Aim of the exercise:
Give again, exactly as written, the lines of the records below from the line with "Çanakkale semalarında gurur" to the line with "Vintage Stereo Receiver". Both end lines count; pictures do not.

Study material:
*-*-*
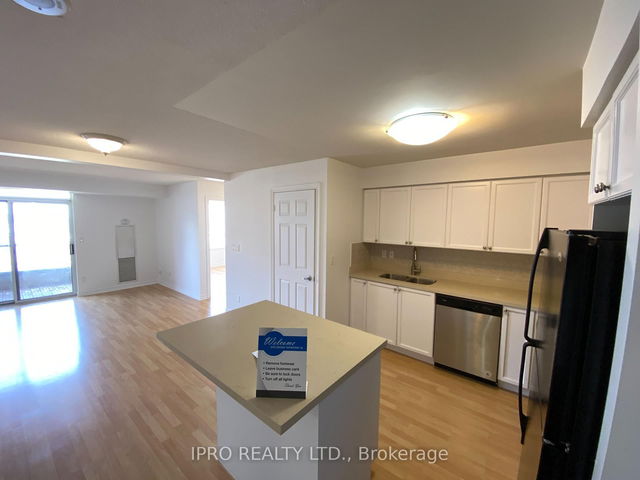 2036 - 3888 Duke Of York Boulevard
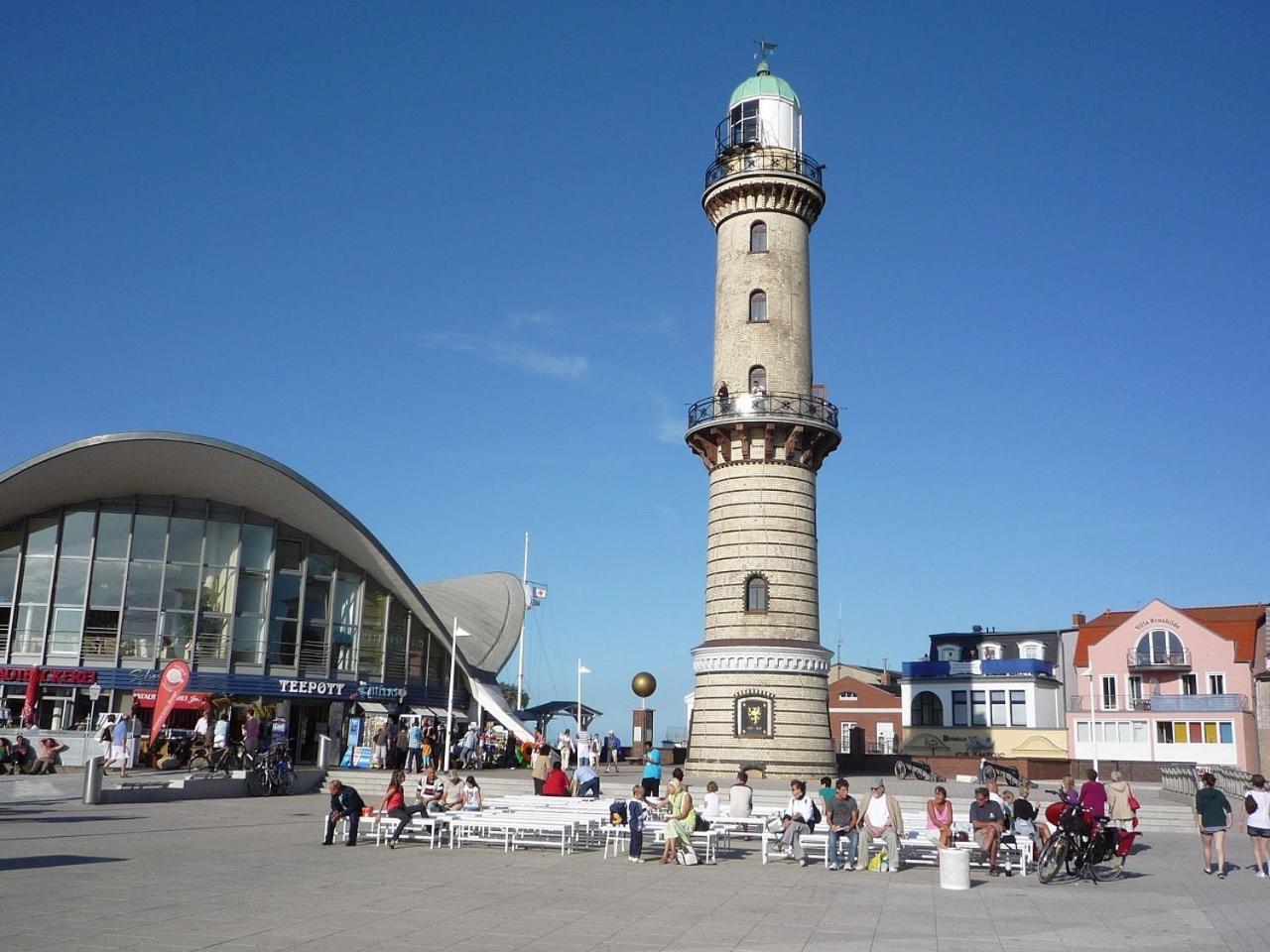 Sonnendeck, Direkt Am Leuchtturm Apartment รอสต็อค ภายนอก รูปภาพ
*-*-*
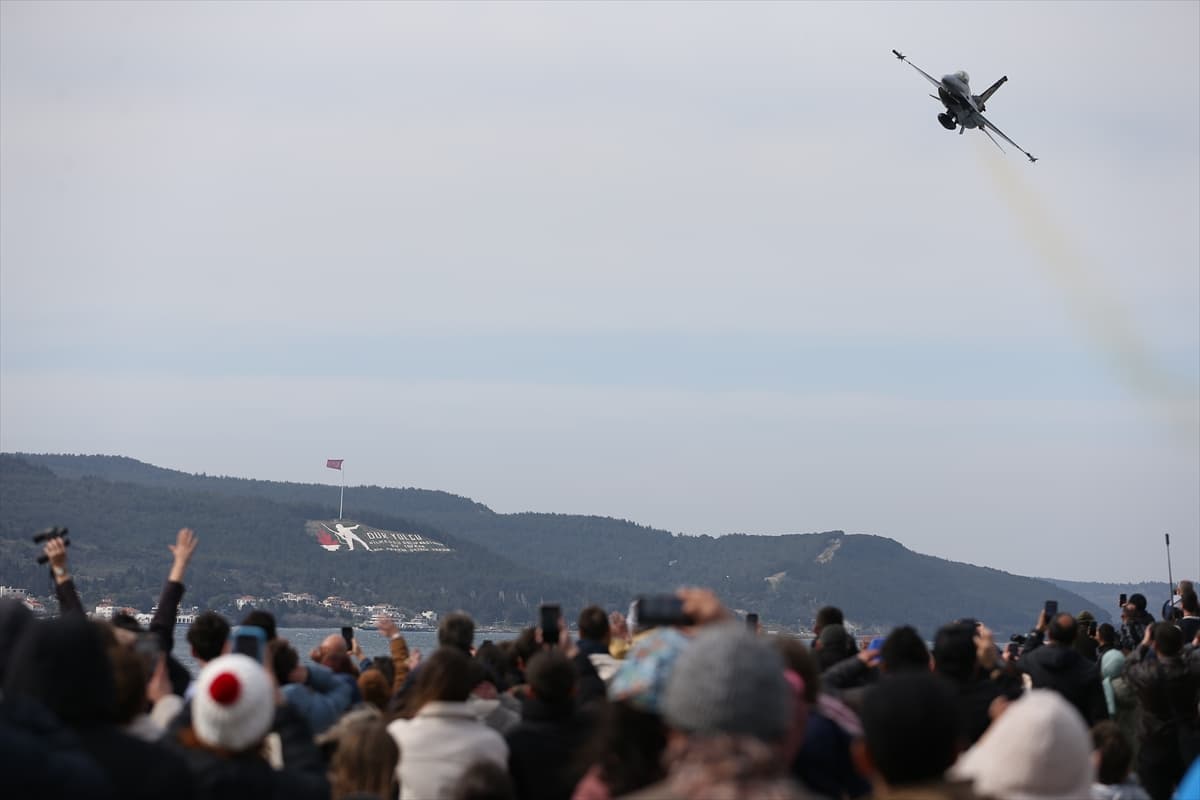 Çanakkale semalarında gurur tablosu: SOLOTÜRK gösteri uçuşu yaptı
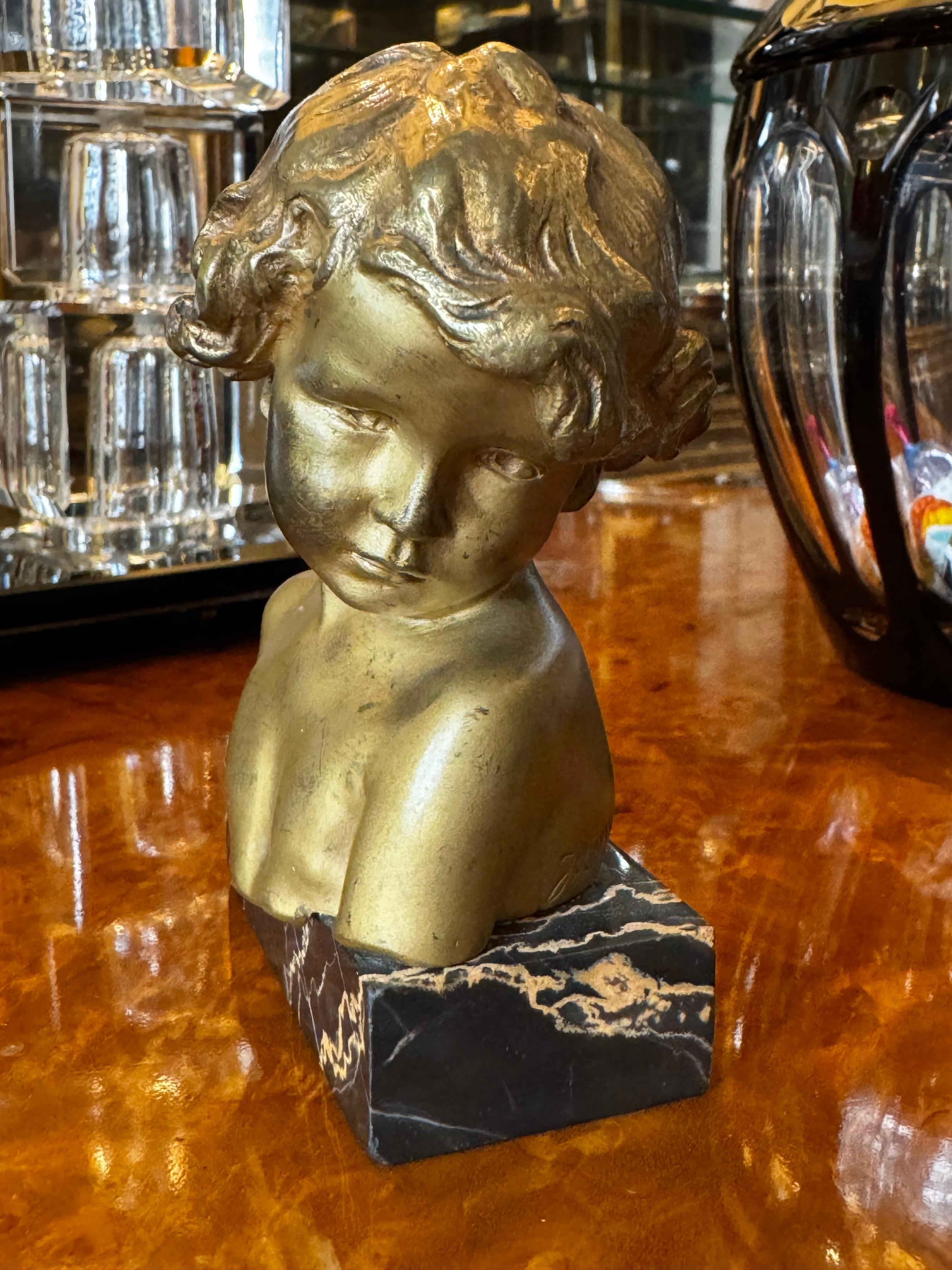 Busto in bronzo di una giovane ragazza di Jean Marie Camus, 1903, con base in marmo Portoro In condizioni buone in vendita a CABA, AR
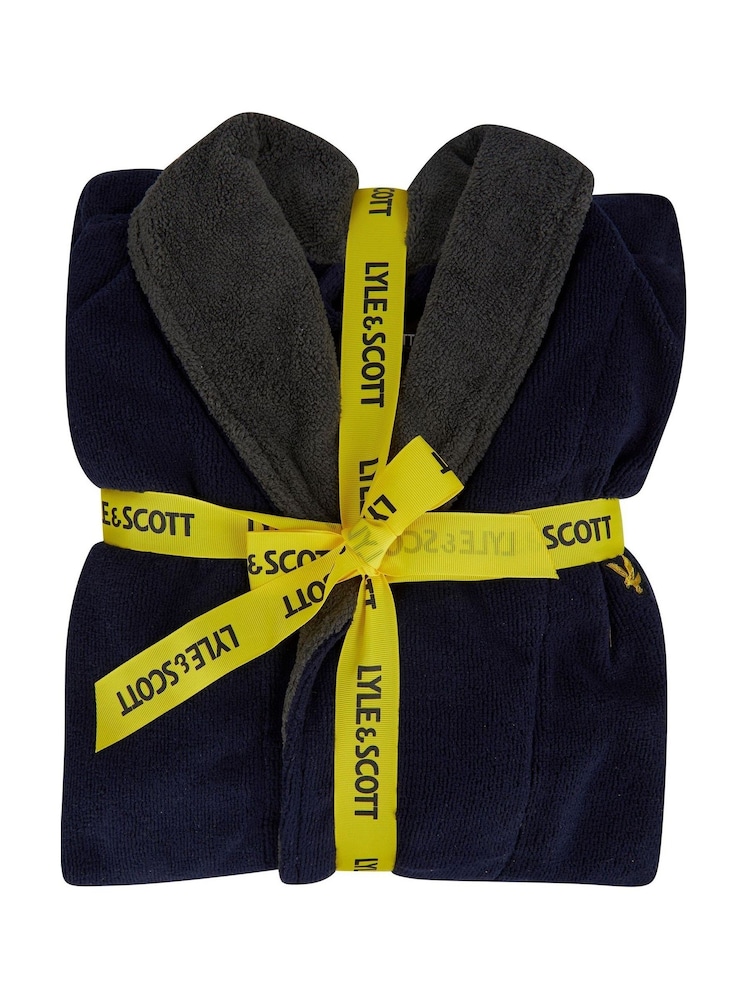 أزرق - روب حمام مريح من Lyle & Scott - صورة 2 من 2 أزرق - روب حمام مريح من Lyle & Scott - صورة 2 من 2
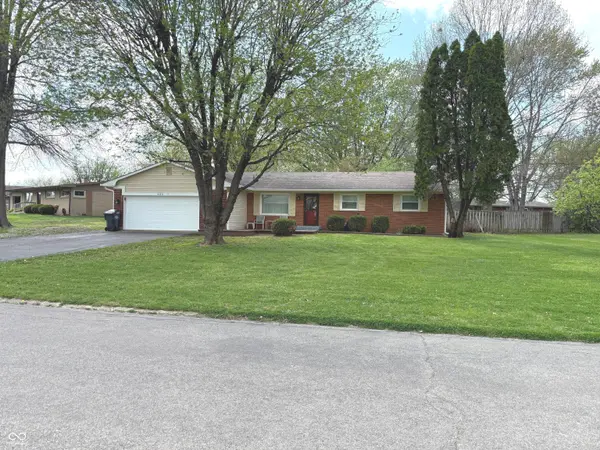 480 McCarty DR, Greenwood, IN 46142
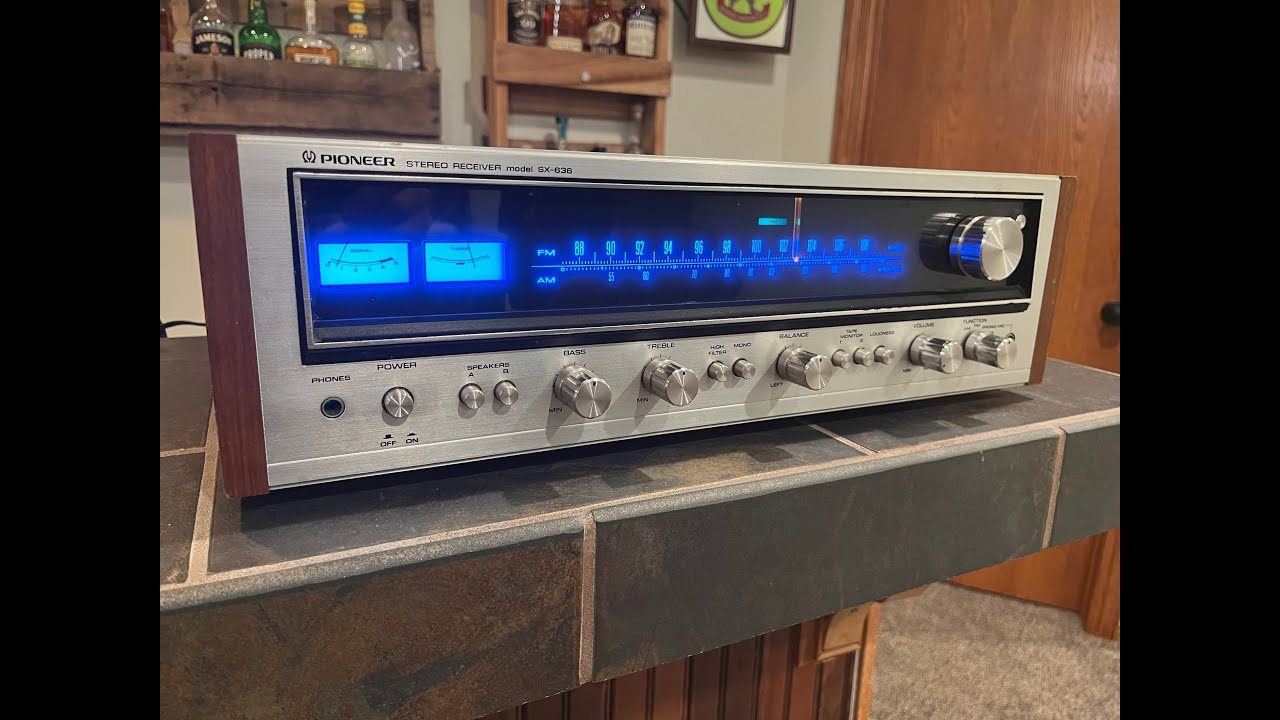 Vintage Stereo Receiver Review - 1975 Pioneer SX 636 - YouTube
*-*-*
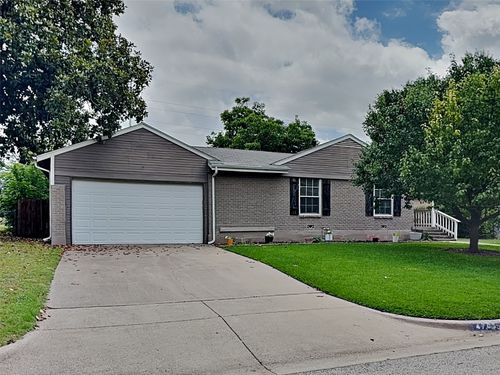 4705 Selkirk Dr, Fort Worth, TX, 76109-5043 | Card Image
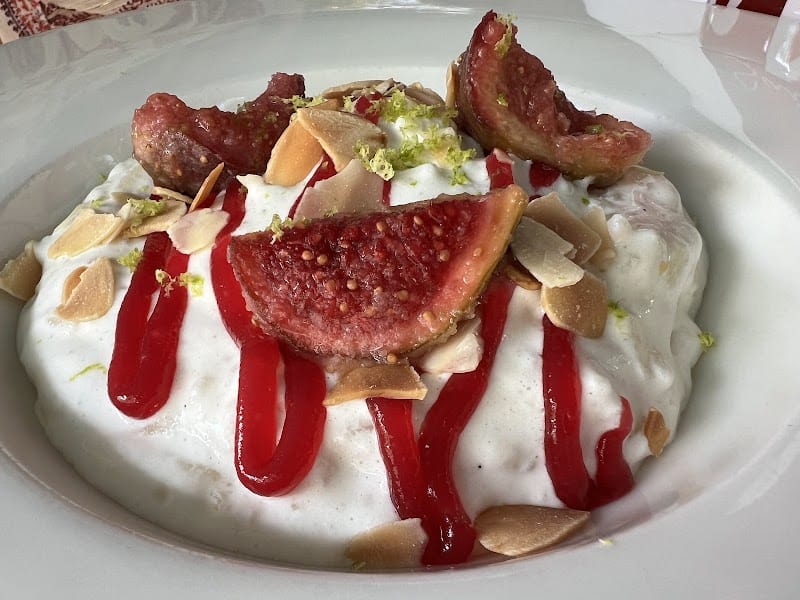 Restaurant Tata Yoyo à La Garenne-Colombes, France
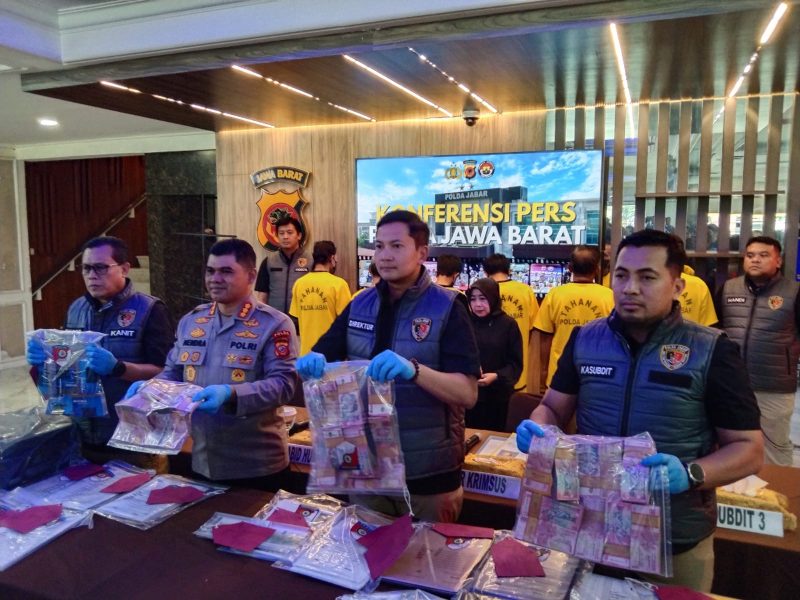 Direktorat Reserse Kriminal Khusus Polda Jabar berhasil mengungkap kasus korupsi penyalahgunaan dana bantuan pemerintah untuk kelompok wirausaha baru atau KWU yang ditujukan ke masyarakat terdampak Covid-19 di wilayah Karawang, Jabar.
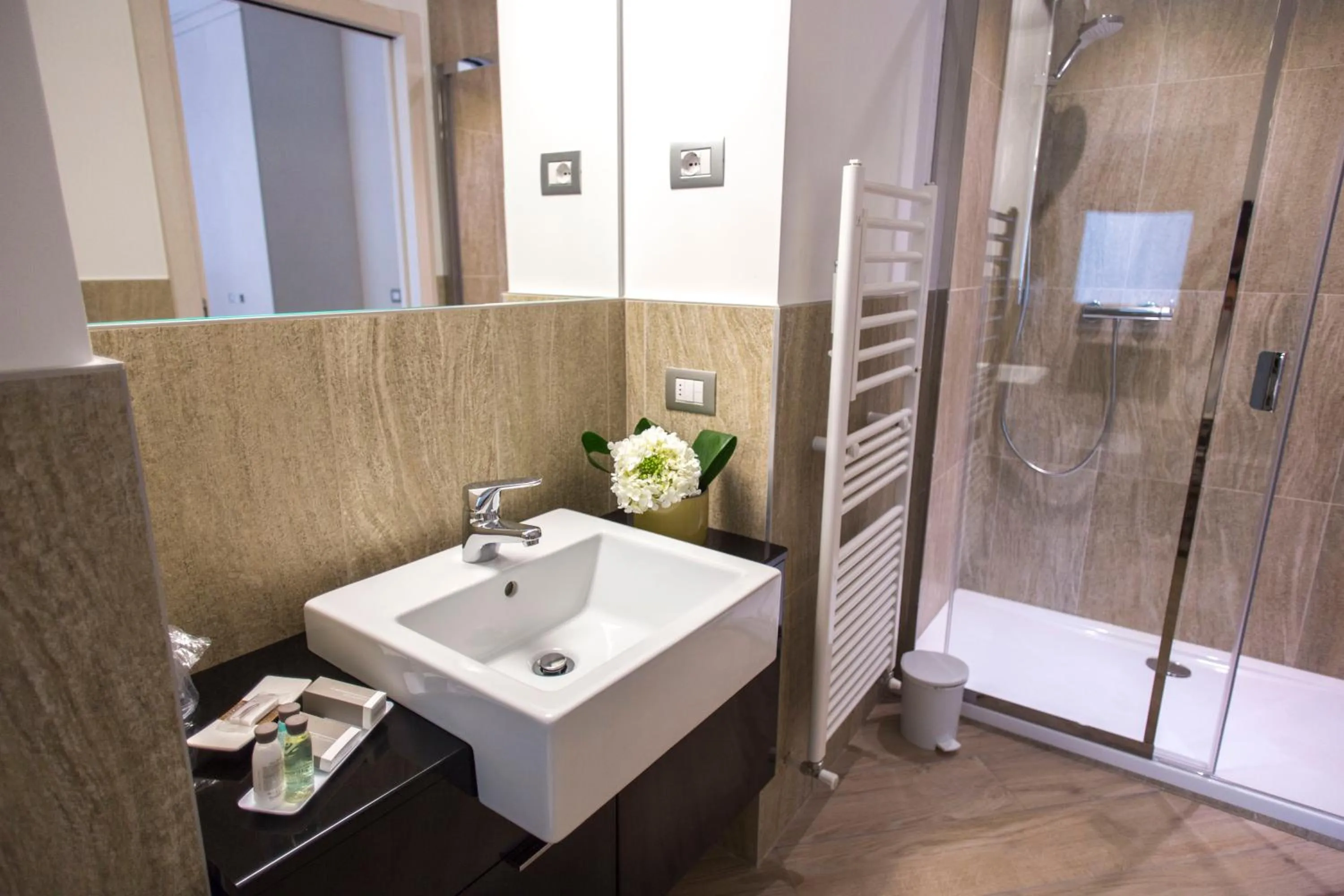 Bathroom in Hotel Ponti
*-*-*
Exercise output:
 Çanakkale semalarında gurur tablosu: SOLOTÜRK gösteri uçuşu yaptı
 Busto in bronzo di una giovane ragazza di Jean Marie Camus, 1903, con base in marmo Portoro In condizioni buone in vendita a CABA, AR
 أزرق - روب حمام مريح من Lyle & Scott - صورة 2 من 2 أزرق - روب حمام مريح من Lyle & Scott - صورة 2 من 2
 480 McCarty DR, Greenwood, IN 46142
 Vintage Stereo Receiver Review - 1975 Pioneer SX 636 - YouTube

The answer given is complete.